Un morso e la corsa in ospedale per evitare la rabbia
Qualche giorno fa, rientrando a casa dopo aver portato mia figlia a scuola, percorrendo la strada verso il mare ma attaccata alle abitazioni, mi corre incontro un cane che vive in spiaggia da qualche tempo, lo conosco, lo chiamo dal balcone e gli dò da mangiare. Purtroppo il mio vicino, che mi è corso incontro per difendermi, non ha fatto in tempo e il cane mi ha morso. Veloce, feroce e all’improvviso. Non si ha il tempo per ragionare, il sangue sgorga copioso e si resta lì, senza capire bene cosa sia successo. Il mio vicino mi ha portata subito all’ospedale. I morsi di cani hanno la priorità sulle persone in sala d’attesa.
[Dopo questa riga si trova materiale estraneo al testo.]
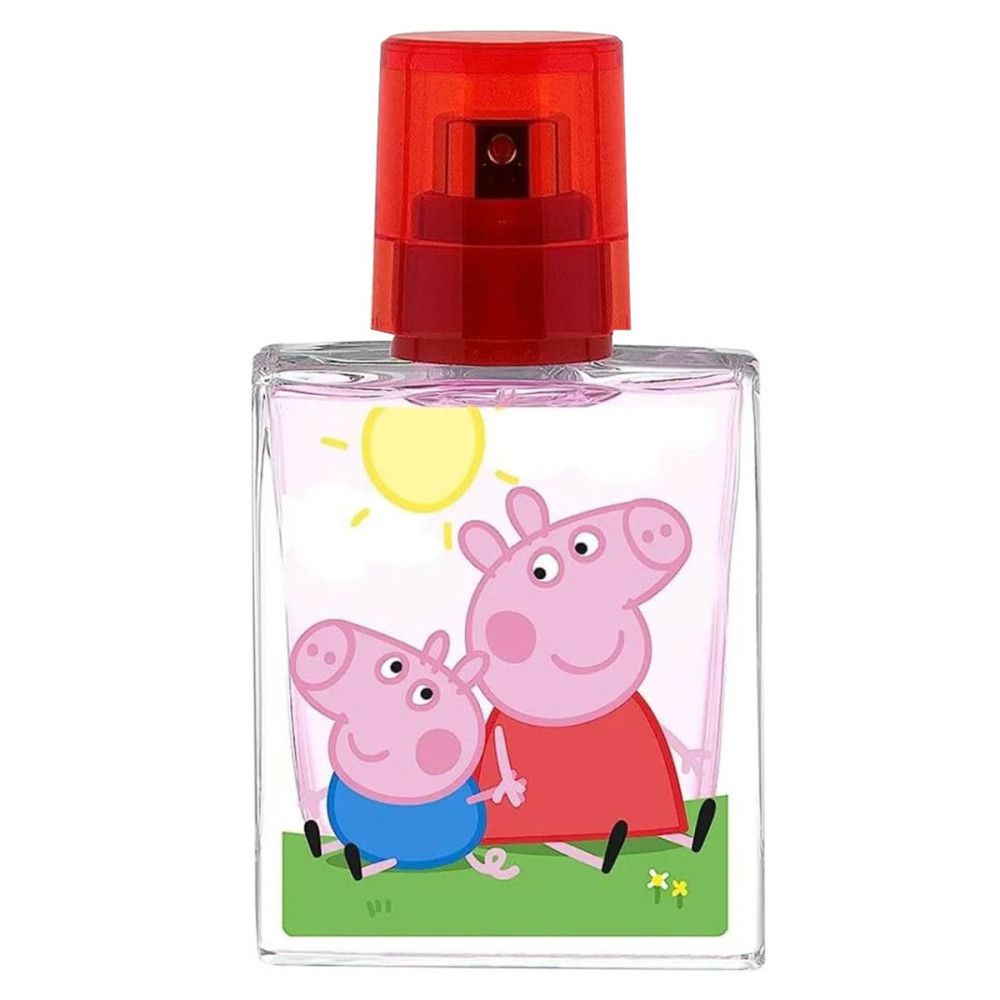 Flacon d'Eau de Toilette avec motif Peppa Pig. Flacon transparent avec vaporisateur rouge. Impression Peppa Pig et famille.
Dopo un vaccino, quattro punture nella gamba e una medicazione nel giro di neanche mezz’ora ero di nuovo a casa. Dolorante, sanguinante e triste. Sì perché continuavo a pensare che se al posto mio ci fosse stata mia figlia, cosa sarebbe successo alla sua gamba?
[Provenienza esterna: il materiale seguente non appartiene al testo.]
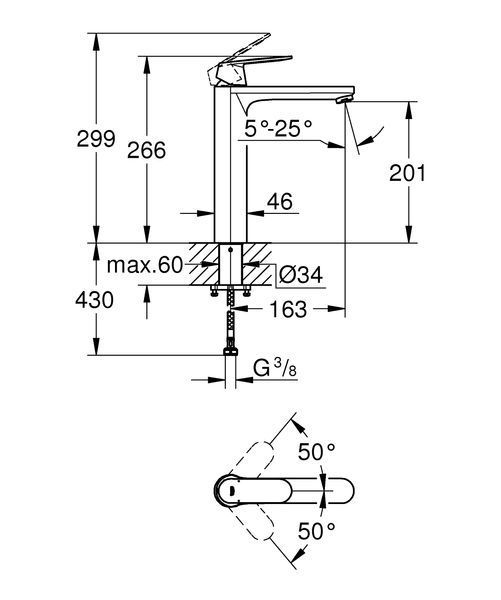 Змішувач на стільницю для раковини XL-розміру Grohe Eurosmart Cosmopolitan (23921000) 23921000 фото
Devo essere sincera: quando sento che un cane ha morso qualcuno, penso subito che la persona se la sia “cercata” o l’abbia infastidito, o si sia messa ad urlare forte o abbia infastidito i cuccioli, insomma non ho mai dato la “colpa” al cane. Anche la cugina di mia figlia qualche mese fa è stata morsa e subito avevo pensato, “chissà cosa ha fatto a quel cane”. Ebbene, ecco, io camminavo tranquilla, stavo facendo un messaggio vocale a una mia amica, non guardavo da nessuna parte se non davanti a me ed ero quasi arrivata a casa. Per cui posso dire di non aver provocato per niente questo cane. Non so cosa gli abbia scatenato tanta aggressività e questo mi spaventa. Ora non scendo più da quel lato, e se anche in lontananza sento abbaiare mi vengono i brividi. Sono esperienze che ti segnano, anche se continuo a dirmi che avrà avuto le sue ragioni, ma la mia gamba con i suoi canini profondi, il gonfiore e gli ematomi mi dicono che niente giustifica questa ferocia gratuita.

Cosa fare in caso di morso da parte di un cane randagio non vaccinato
Ora sto seguendo la profilassi medica: devo fare altri tre vaccini, uno l’ho fatto ieri mattina e sono un totale di cinque. Non auguro a nessuno di viverlo, ma se dovesse succedere, l’infermiera mi ha detto di non disinfettare, ma usare il sapone verde tunisino e di mettere un asciugamano o una garza se basta, mai ovatta e disinfettante (come ho fatto io!). In questo periodo le persone morse dai cani sono circa 10 al giorno, nel mio quartiere, è un numero importante, non andrebbe sottovalutato. Mi sono anche recata in comune per denunciare l’accaduto, con tanto di gamba piena di sangue, faceva davvero effetto e per tutta risposta mi han detto, “cosa fai qui vai a farti medicare…” Non è di interesse comunale questo problema. Non bisogna fare allarmismi, ma non sottovalutate la pericolosità di questi cani, mi raccomando.